Databricks ETL Monitor Framework

A metadata-driven ETL process monitoring framework for Databricks / Delta Lake.

Tracks ADF pipelines, Databricks notebooks, Databricks jobs, and Dataflows in a single Unity Catalog schema — without modifying how those jobs are triggered.

Ported from a mature SQL Server / ADF ETL orchestration framework. The monitoring and tracking patterns have been reimplemented as Unity Catalog Delta tables and a self-creating Python class, making them available to pure Databricks teams without a SQL Server dependency.


Why this framework?

Most existing tools cover one platform or the other:

Tool What it covers Gap
ADF monitoring (Azure Portal) ADF pipeline runs No DBX notebooks, no task-level app log
Databricks job UI / API DBX jobs only No ADF pipelines, no cross-job correlation
Azure Monitor / Log Analytics Raw platform logs Not process-aware — no task catalogue, no watermarks
Apache Atlas / Unity Catalog lineage Data lineage Not execution-status oriented
Great Expectations / Soda Data quality Not ETL step tracking
Custom Delta audit tables Project-specific No standard schema, no Python SDK, no ADF bridge

What this framework adds:

  1. Single Delta schema tracks ADF pipelines, DBX notebooks, DBX jobs, and Dataflows in one place.
  2. Task catalogue (ETLconfigTasks) with sequence/workflow ordering — not just raw run receipts.
  3. Delta watermark registry (ETLconfigParameters) with typed parameters and ADF Lookup bridge.
  4. Per-process scoping (ProjectCode / ProcessLoad) — HR_DAILY and FIN_MONTHLY tracked independently.
  5. Snapshot columns in execution log — history stays accurate even when the task catalogue changes.
  6. Self-creating Python class (setup()) — zero manual DDL for Databricks teams.
  7. JDBC-queryable by SQL Server, ADF, and any ODBC tool — no Python SDK needed for consumption.

Quick Start

%pip install databricks-etl-monitor --upgrade --no-deps

from etl_monitor import ETLMonitorFramework

monitor = ETLMonitorFramework(spark, catalog="main", schema="etl")
monitor.setup()   # idempotent — creates 6 tables, 6 views, seeds sequence stages

# Register a domain process (once)
monitor.register_process("CORP", "HR_DAILY", name="HR Daily Load", owner="HR Team", load_frequency="D")

# Register tasks (once)
monitor.register_task("CORP", "HR_DAILY", task_id=0, workflow_id=0, sequence_id=0,
                      task_name="Initiation", source_type="DBX_NOTEBOOK")
monitor.register_task("CORP", "HR_DAILY", task_id=1, workflow_id=1, sequence_id=2,
                      task_name="Load Employees", source_type="DBX_NOTEBOOK",
                      source_system_code="LoadEmployees", task_mandatory=True)

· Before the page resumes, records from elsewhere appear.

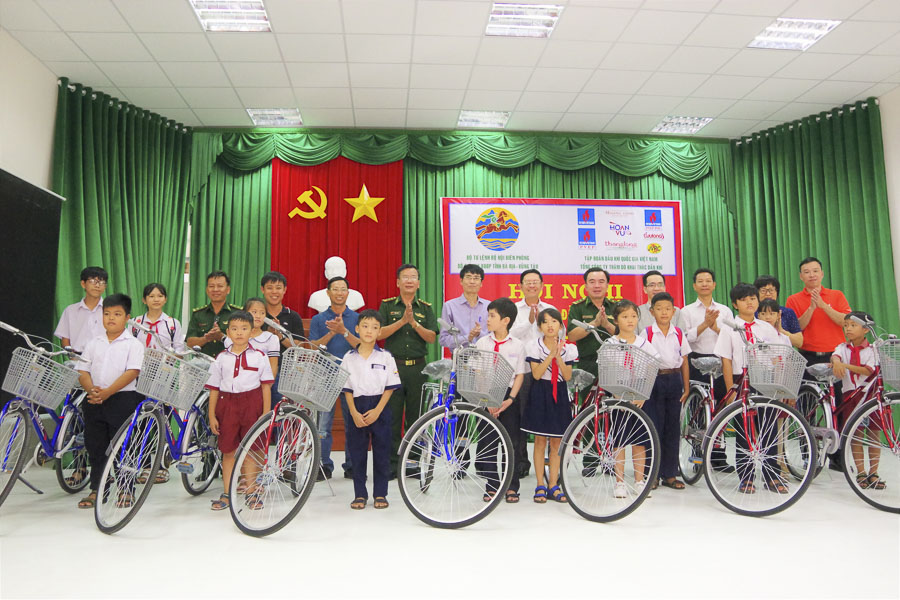 Trao tặng 15 xe đạp cho các học sinh tại hội nghị tuyên truyền.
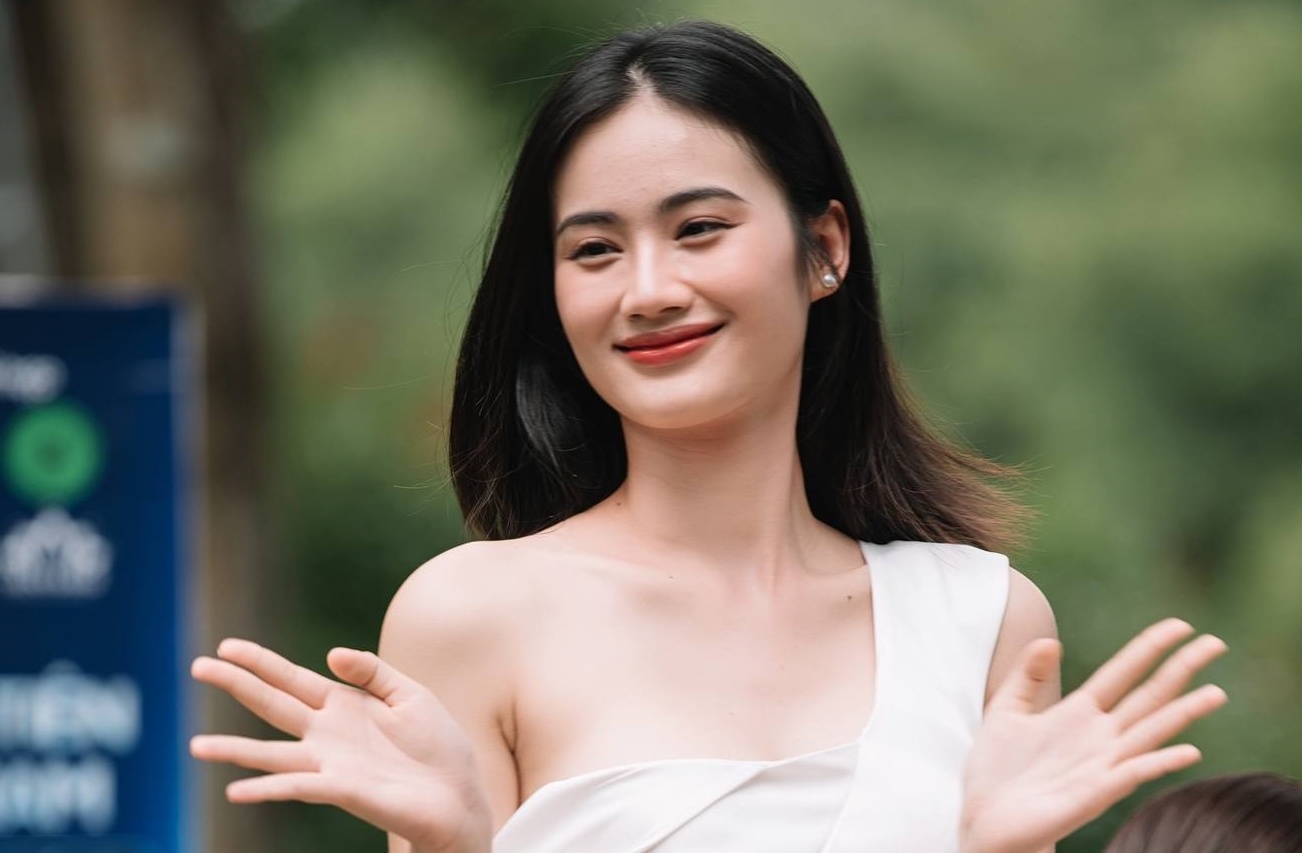 Y Nhi, Do Thi Ha vang mat o giai chay quoc te hinh anh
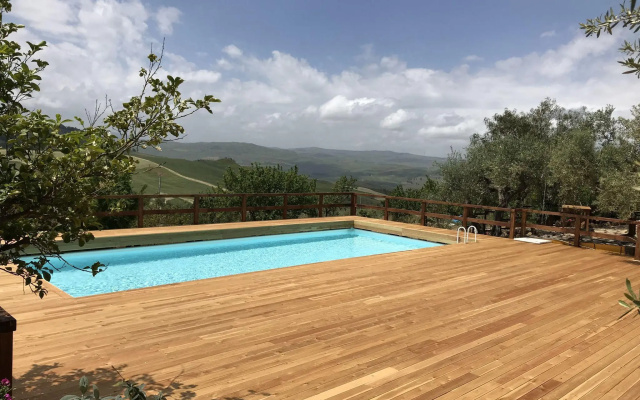 Villa in Alia With Pool & Olive Views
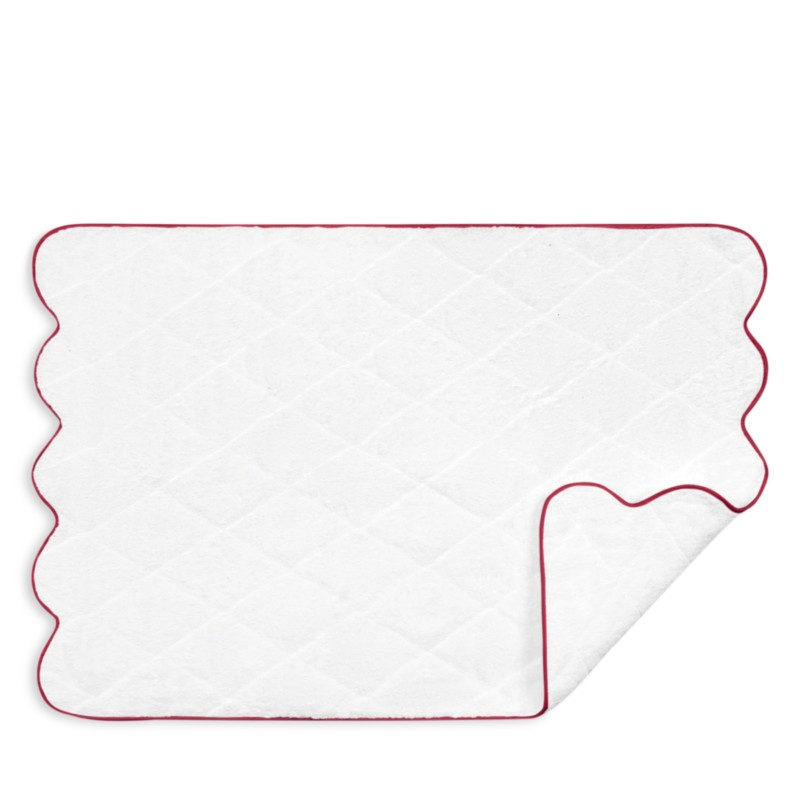 Matouk Cairo Scallop Quilted Mat in Rally Red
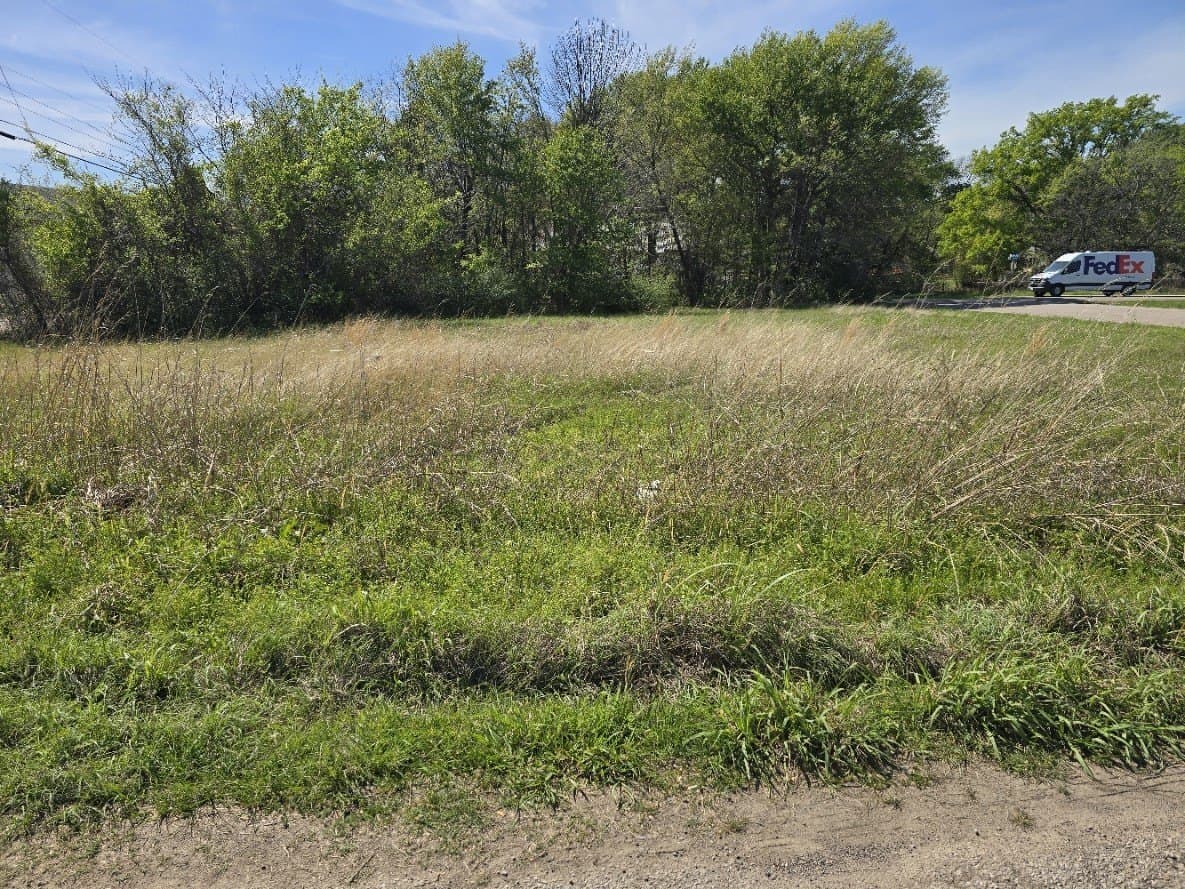 0.12 acres in Henderson County - photo 9
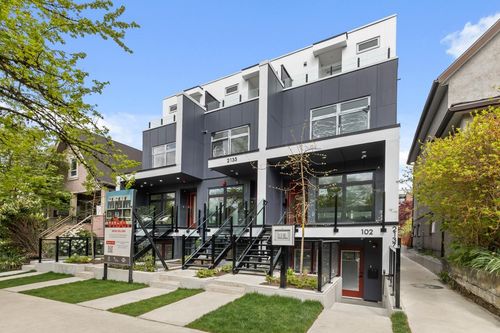 202-2135 E Pender Street, Vancouver, BC, V5L1X3 | Card Image
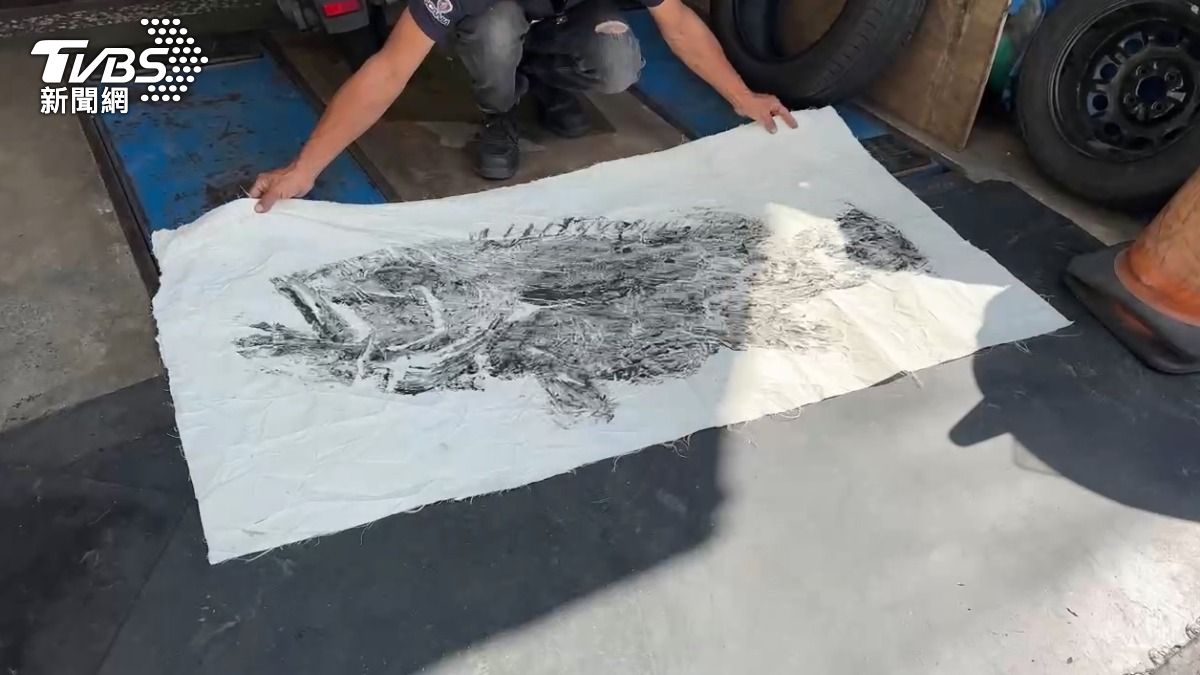 釣客馮仕學表示,想釣大魚,就是使用粗的尼龍繩,再配合適當的魚鉤和豐富的經驗,並沒有其他特別的方法。(圖/當事人提供)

# Register watermarks (once)
monitor.register_parameter("CORP", "HR_DAILY", "SYSDT", "SYSTEM")
monitor.register_parameter("CORP", "HR_DAILY", "LoadEmployees", "DELTA_DATE",
                           description="Last loaded employee timestamp")

# Each run
exec_id = ETLMonitorFramework.generate_execution_id()
monitor.generate_execution_steps(exec_id, "CORP", "HR_DAILY", "2026-04-09")

with monitor.task(exec_id, "CORP", "HR_DAILY",
                  task_id=1, workflow_id=1, sequence_id=2,
                  processing_date="2026-04-09"):
    pass   # your notebook logic here

Sample Notebooks

After installing, extract the sample notebooks to your workspace:

SAMPLE_USAGE_PATH = monitor.sample_usage(spark)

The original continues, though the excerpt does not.